Великие муки принявшая за мужа, за детей, им нажитых, Мария Егоровна — бабушка из Сисима — впоследствии с улыбкой рассказывала о том, как прибыла супружеская чета с верховьев в Овсянку и как по мере приближения к родному берегу смирел и заискивающе-ласковым делался бравый жених.

— Пристал наш плёт. — Бабушка из Сисима прирожденно меняла звуки в иных словах, и они у нее получались неповторимо-музыкальными, какими-то детскими, что ли. Меня, к примеру, она звала так, как никто не звал и не мог звать — Вихторь. — Пристал плёт, а оне, ребятишки-то, как высыпали на берег!.. Большие и маленькие, в штанах и без штанов. Гляжу, горбатенький один вертится, трещит. Спрашиваю, чьи это ребятишки-то? — «Наши», — повинился Паиль, — Ну, наши так наши… — Поплакала я да и потянула воз, Богом мне определенный.

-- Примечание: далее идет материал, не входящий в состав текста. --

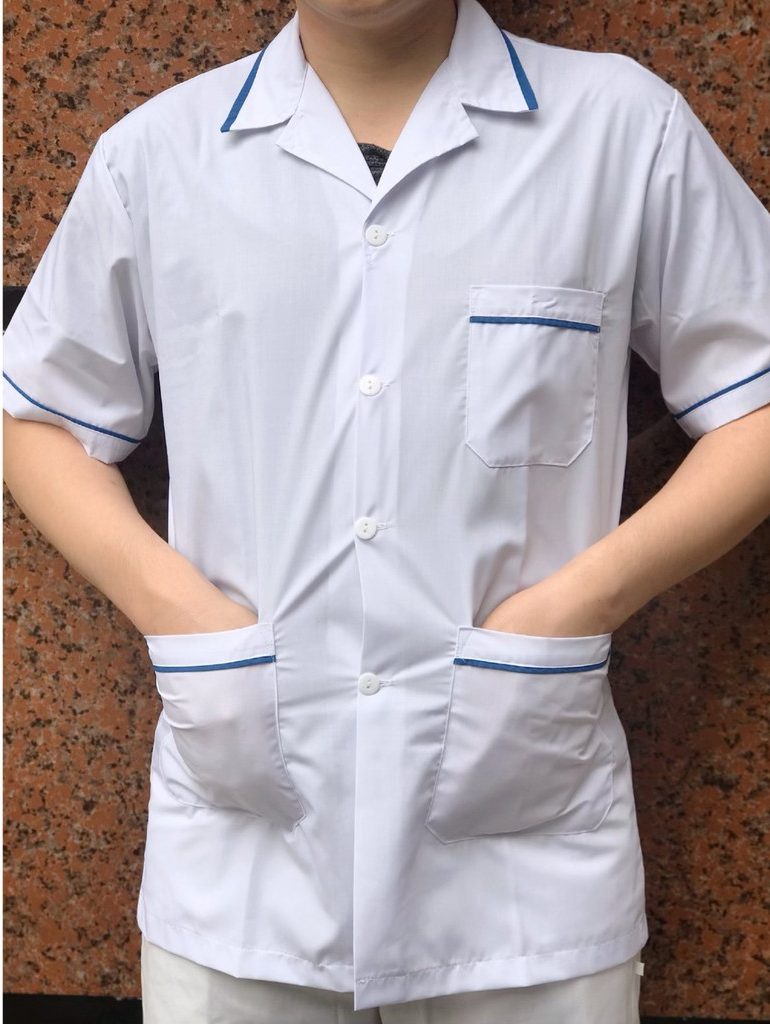 Áo điều dưỡng mới nhất 2025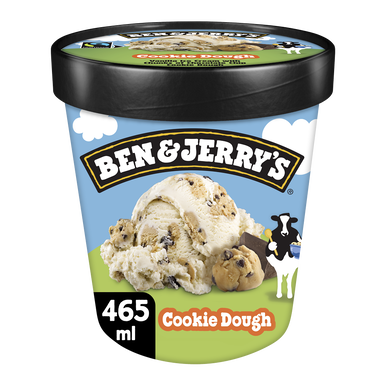 Crème glacée pot cookie dough BEN & JERRY'S 406g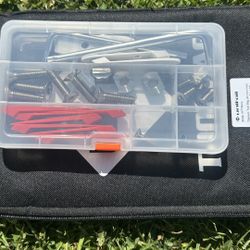 Unifoil TOOL BAG (INC TORX TOOL, SHIMS, TITANIUM BOLTS & T-NUTS) surf wing pump foil hydrofoil set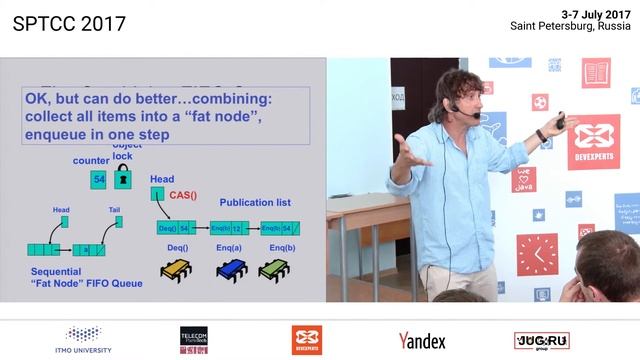 Nir Shavit — Locking, from traditional to modern (Part 4)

Дед Павел мечту осуществил-таки, заделался председателем потребиловки. Пережив почти полное угасание, торговое дело в конце двадцатых годов начало обретать по-сибирски небывалый размах и не могло не захватить такого делового человека, как мой дед. Гулянки в доме деда ширше, многолюдней, размашистей пошли, зачастили в Овсянку из города специалисты, да все знатные, все по торговой части и по юриспруденции. Скачки, тяжба на опоясках, пальба из ружей, песни и пляски до упаду. Бабушка из Сисима и глазом моргнуть не успела, как образовалось у нее собственное дите — Костька.

К той поре, как двинуть по своей доброй воле нашей доблестной семейке в Заполярье за фартом и мне «открыть» своего второго деда, все у него уже образовалось: Вася и Ваня работали на лесобирже, Костька — родной сын бабушки из Сисима — ходил в школу, дед рыбачил либо играл в карты в бараках вербованных сезонников, «сяма» служила домработницей у доктора Питиримова. Вся остальная семья спала, впаянная мертвыми телами в непробудную вечную мерзлоту.